After LeBron James’ long-awaited blockbuster announcement that he was returning his talents to Cleveland to play for the Cavaliers, the Houston Rockets were frantically in the process of trading players and clearing salary cap space so they could swoop in and acquire Bosh.
Free agent Bosh, a Miami Heat teammate of James the past four seasons, was assumed by many to be leaving Miami for a four-year, $88 million contract with the Rockets.
Had that occurred, the Rockets reportedly then would have matched the three-year, $46 million offer sheet small forward Chandler Parsons signed with the Mavs on Thursday.
But on the day the NBA’s free agent flood gates finally flew open, Miami attempted to stem the tide by showering Bosh with cash and throwing a monkey wrench into the Rockets’ plans.
Not long after James announced his homecoming return to Cleveland, Bosh decided to continue his relationship with Miami and agreed to a five-year, $118 million contract with the Heat.
That left the Rockets with no Bosh and facing a future possibly without Parsons, too.
Houston wanted both players but needed to tap a complex dance to pull that off.
Signing Bosh to a mega-deal first would have allowed the Rockets to then exceed the salary cap to re-sign their own player Parsons, who is a restricted free agent.
But with Bosh staying in South Beach, Parsons isn’t as attractive at $15 million-plus per year for a team that has multiple needs.
Under terms of the NBA’s collective bargaining agreement, the Rockets have until 11 p.m. Sunday to decide whether they’re going to match the Mavs’ offer sheet to Parsons.
And they will likely wait until the last minute to decide, if for no other reason than to keep the Mavericks’ options limited until then.
There are reports out of Houston that the Rockets likely won’t match the offer sheet, and instead look at Washington Wizards free agent small forward Trevor Ariza, whom they believe they can get at a much lower price than Parsons.
That would be fine with the Mavericks, who view Parsons as the best available small forward for their needs, short of James.

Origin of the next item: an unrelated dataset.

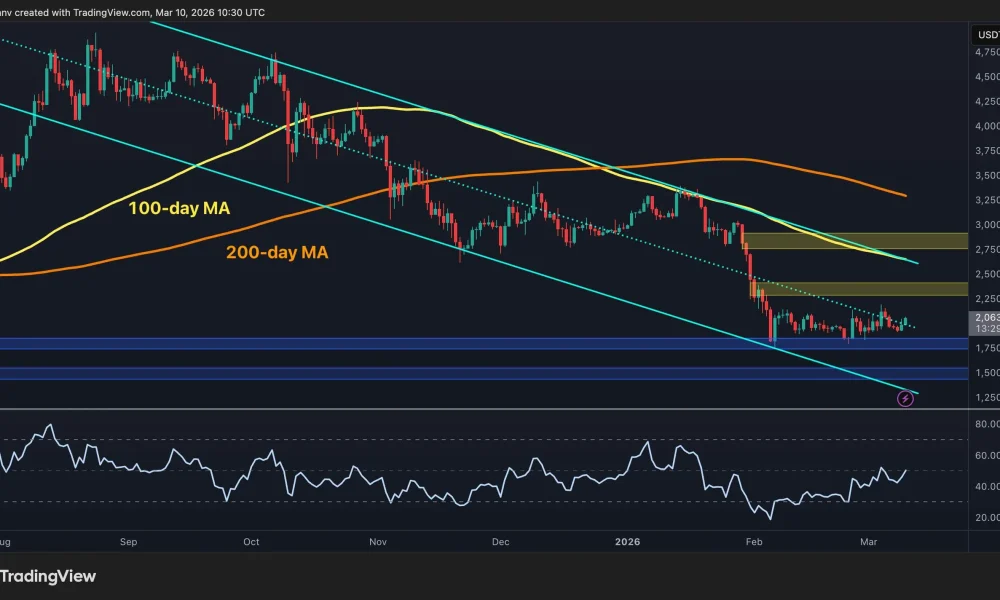 ETH Needs to Reclaim This Key Level to Reignite Sustainable Rally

Parsons, at 6-foot-9, 227 pounds, averaged 16.6 points, 5.5 rebounds, 4.0 assists and 1.2 steals per game last season, his third with the Rockets.
If the Mavs are able to acquire Parsons, he would line up on the front line alongside Dirk Nowitzki and Tyson Chandler.

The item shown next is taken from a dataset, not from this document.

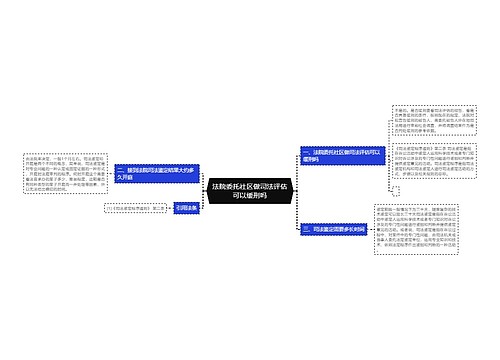 法院委托社区做司法评估可以缓刑吗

Add in a backcourt that includes Monta Ellis and either Devin Harris or Raymond Felton, and the Mavs believe they have a formidable lineup that can compete with any team in the NBA.
After losing to the Spurs in the first round of this year’s playoffs, the Mavs knew they need someone who could stretch the floor with his perimeter shooting, attack the backboards and be a factor on defense. It helps too that Parsons is only 25 years old and could be a fixture in the Mavs’ lineup for years to come.
Still, it’s a waiting game for the Mavs. Waiting for the Rockets to get over their Bosh hangover and decide how to proceed in regards to Parsons.
If the Rockets decide to match the offer to Parsons, then it would be the Mavs’ turn to go to Plan B. That list would likely include Luol Deng, Lance Stephenson, Eric Bledsoe and Ariza.
Plan A, however, is still alive and well. Thanks to a big-time assist from a hometown kid named Bosh.